I'm new working with spark. I would like to multiply a large number of columns of a spark dataframe by values in a vector. So far with mtcars I used a for loop and mutate_at as follows:
library(dplyr)
library(rlang)
library(sparklyr)
sc1 <- spark_connect(master = "local")
mtcars_sp = sdf_copy_to(sc1, mtcars, overwrite = TRUE)
mtcars_cols = colnames(mtcars_sp)
mtc_factors = 0:10 / 10
# mutate 1 col at a time
for (i in 1:length(mtcars_cols)) {
# set equation and print - use sym() convert a string
mtcars_eq = quo( UQ(sym(mtcars_cols[i])) * mtc_factors[i])
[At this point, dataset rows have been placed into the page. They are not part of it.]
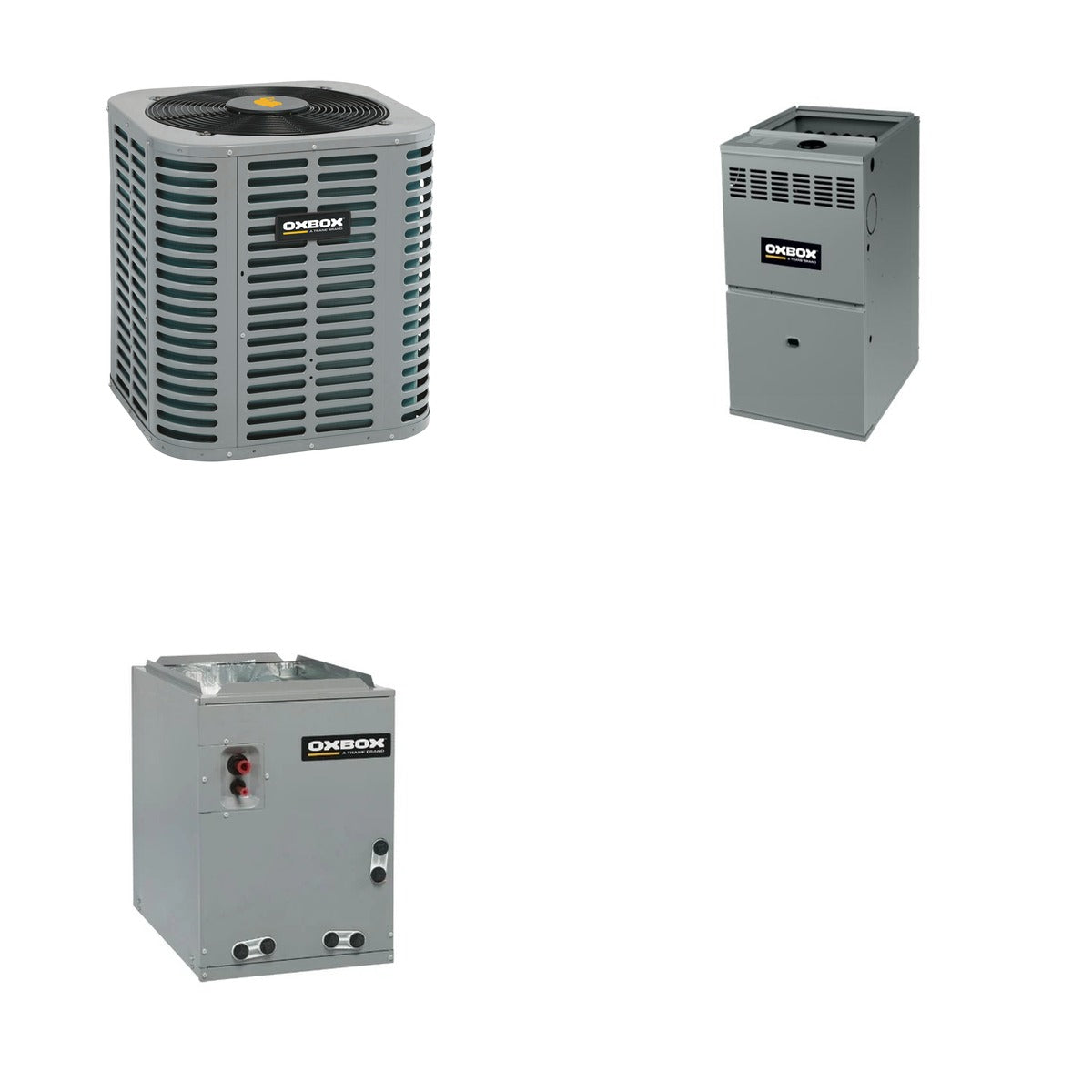 Oxbox Oxbox 4-Ton 48000 BTU R-454B 14.3 SEER2 Dual Fuel Split System - J5HP5048A1000+J801V100CM5SEB+J5MXCC009AC6HC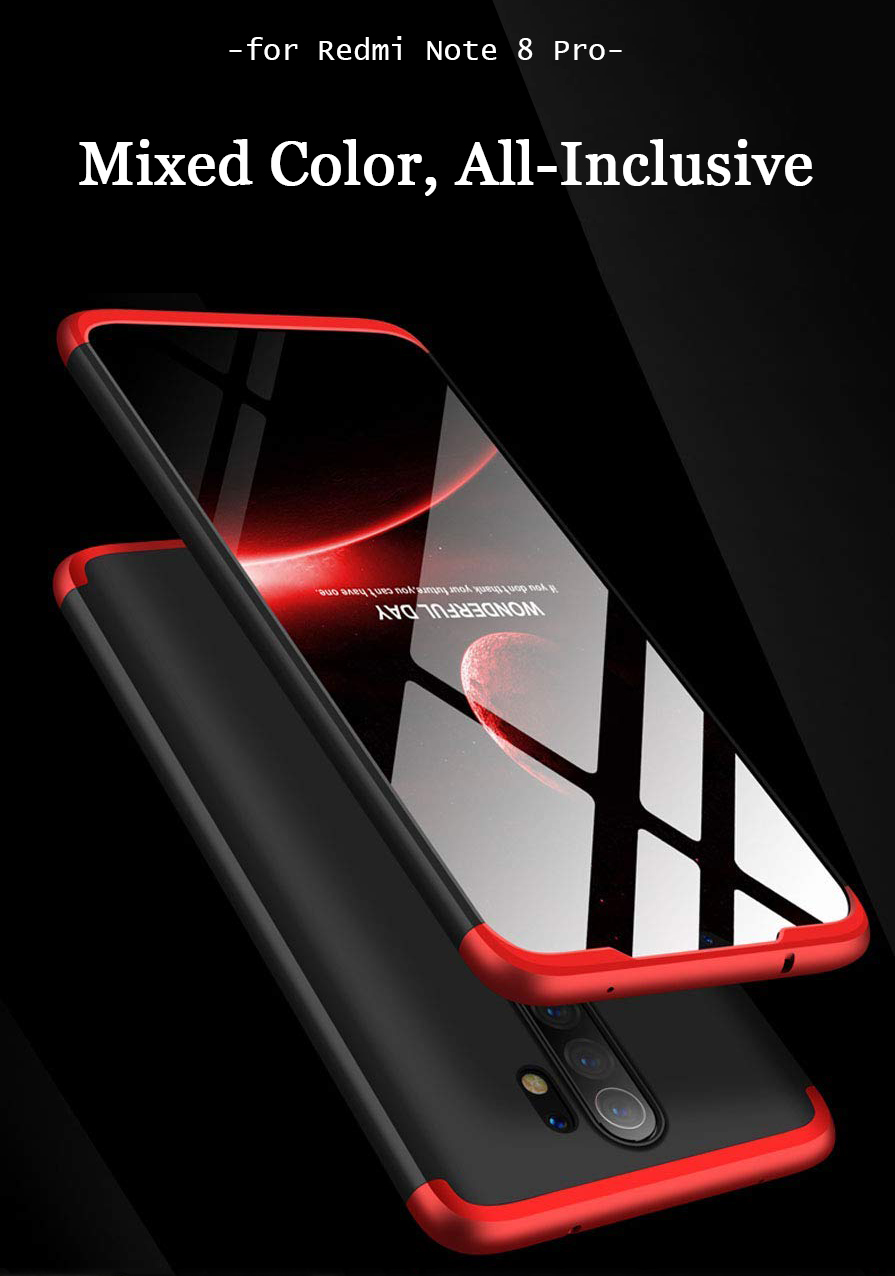 Bakeey-Xiaomi-Redmi-Note-8-pro-Double-Dip-360deg-Hard-PC-Full-Cover-Protective-Case-1586663-1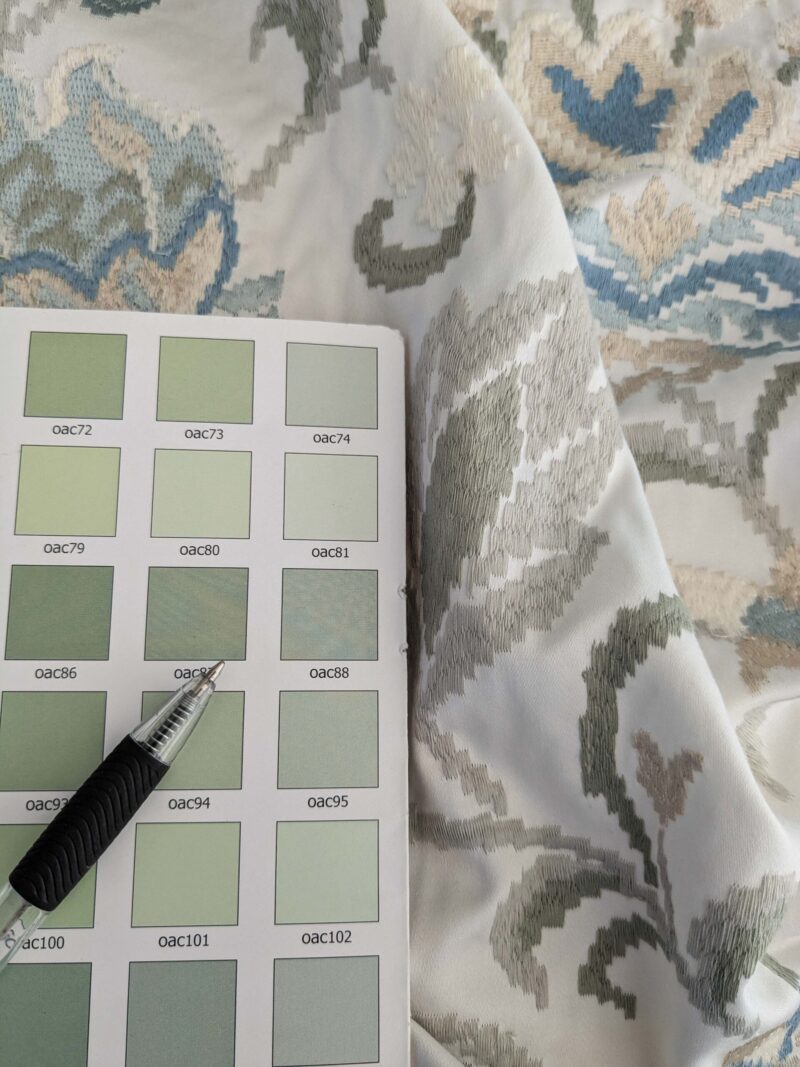 PXL_20250115_191749477 By yard Scalamandre Cream Blue Garden Harmony Embroidered Floral Peony Heavy MSRP USD 300+/Y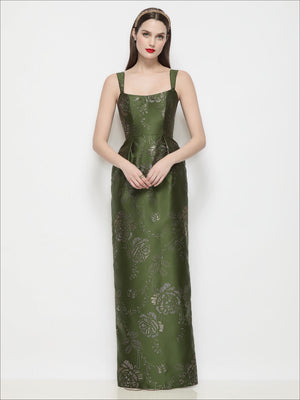 Olive satin maxi dress with embossed gilt floral, shaped bodice, thin straps, column fit.
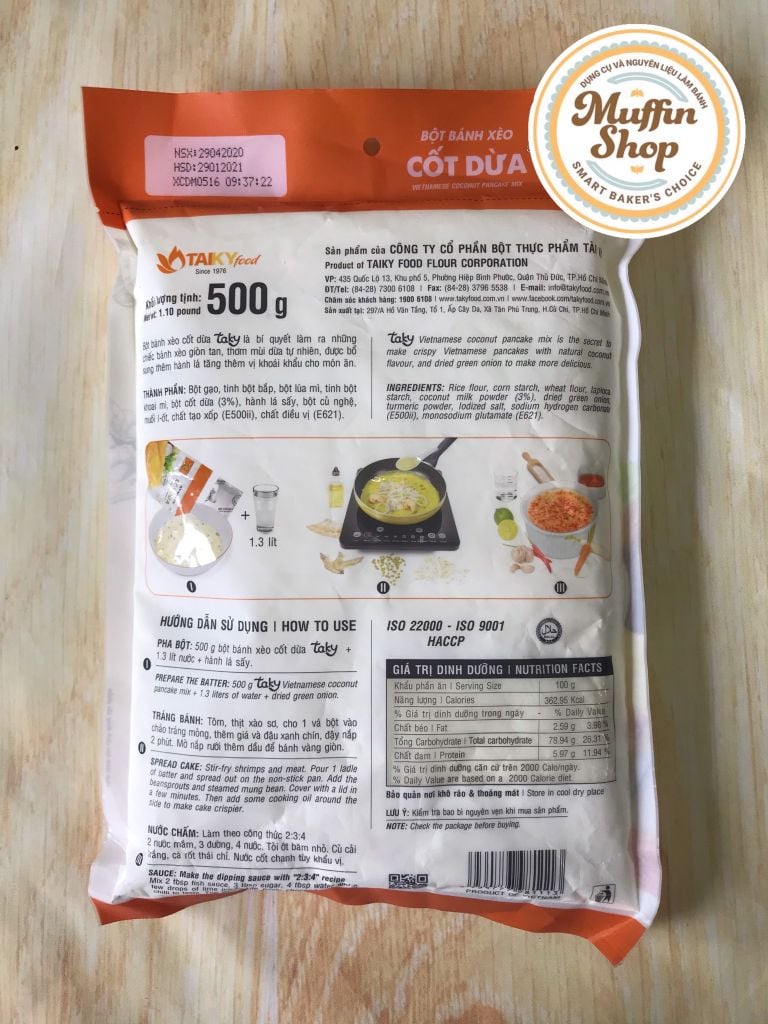 Bột bánh xèo cốt dừa TÀI KÝ - gói 500gr (24g/T)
# mutate formula - LHS resolves to a string, RHS a quosure
mtcars_sp = mtcars_sp %>%
mutate(!!mtcars_cols[i] := !!mtcars_eq )
}
dbplyr::sql_render(mtcars_sp)
mtcars_sp
This works ok with mtcars. However, it results in nested SQL queries being sent to spark, as shown by the sql_render, and breaks down with many columns. Can dplyr be used to instead send a single SQL query in this case?
BTW, I'd rather not transpose the data as it would be too expensive. Any help would be much appreciated!